CILEGON, BANPOS – Usai meresmikan pabrik baru polyethylene (PE) milik PT Chandra Asri Petrochemical Tbk (Chandra Asri). Presiden RI, Joko Widodo (Jokowi) berharap, pabrik petrokimia itu, bisa mengurangi impor bahan baku PE. Sebab impor petrokimia selama ini dinilai cukup besar, lantaran sampai saat ini industri petrokimia di Indonesia masih mengimpor sekitar 40-50 per sen dari luar.
“Investasi penanaman modal yang terus-menerus di bidang ini harus terus kita berikan ruang.
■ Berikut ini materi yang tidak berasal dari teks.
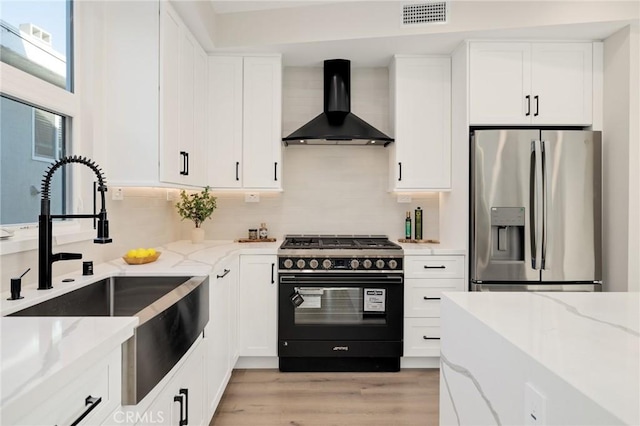 1802 Blossom Ln, Redondo Beach, CA 90278 - kitchen featuring stainless steel refrigerator with ice dispenser, high end black range oven, wall chimney exhaust hood, light stone counters, and white cabinets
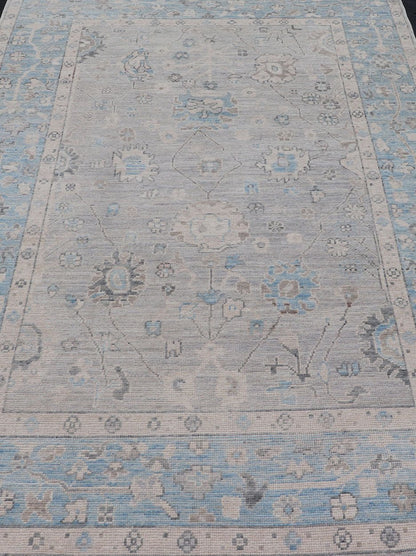 Hand - Knotted Light Blue Oushak with Light Gray Background Hand - Knotted in Afghanistan, this rustic piece holds charm within a powder blue border and a light gray field background. Above lays a modest Oushak - styled floral design reaching all ... - Keivan Woven ArtsAWR - 6309 - 20049Rug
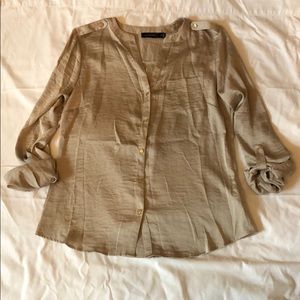 The Limited gold jewel tone blouse.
Nantinya yang namanya impor bahan-bahan petrokimia betul-betul stop dan kita bisa mengekspornya,” ujar Jokowi, saat meresmikan pabrik baru PT Chandra Asri Petrochemical Tbk di Cilegon, Jumat (6/12).
Jokowi memperkirakan, dalam empat hingga lima tahun lagi, Indonesia tak lagi mengimpor bahan-bahan petrokimia. Ia yakin, industri di Indonesia mampu mengekspor bahan baku petrokimia.
Apalagi PT Chandra Asri masih akan mengembangkan kompleks petrokimia kedua dengan nilai investasi hingga Rp 60-80 triliun dan kapasitas produksi hingga empat juta ton.
“Saya yakin empat juta ton. Artinya sisanya diekspor,” tambahnya.
Lebih lanjut, orang nomor satu di Indonesia ini mengungkapkan bahwa kebutuhan domestik bahan baku polyethylene sendiri mencapai 2,3 juta ton per tahun. Sedangkan, kapasitas produksi nasional hanya mencapai 870.000 ton.
Sehingga Indonesia masih perlu mengimpor PE sekitar 1,52 juta ton per tahun dengan nilai impor sebesar Rp 22,8 triliun per tahun.
Ia meyakini dengan produksi bahan-bahan petrokimia yang lebih besar akan mampu menekan jumlah impor. Sehingga juga akan berpengaruh terhadap kondisi defisit transaksi berjalan dan defisit perdagangan yang selama ini sulit diatasi.
Selain bahan petrokimia, kata dia impor minyak dan gas juga termasuk yang memberatkan neraca perdagangan Indonesia.
“Karena barang-barang yang kita produksi di dalam negeri, bahan bakunya kebanyakan impor. Termasuk di dalamnya adalah yang paling besar petrokimia,” jelasnya.
Jokowi sempat menyinggung pada 2018 lalu, neraca perdagangan ekspor dan impor untuk seluruh bahan kimia mengalami defisit hingga Rp 193 triliun. Masalah ini pun sudah bertahun-tahun tak terselesaikan. Karena itu, pemerintah memberikan tax holiday dan juga tax allowance kepada para pengusaha.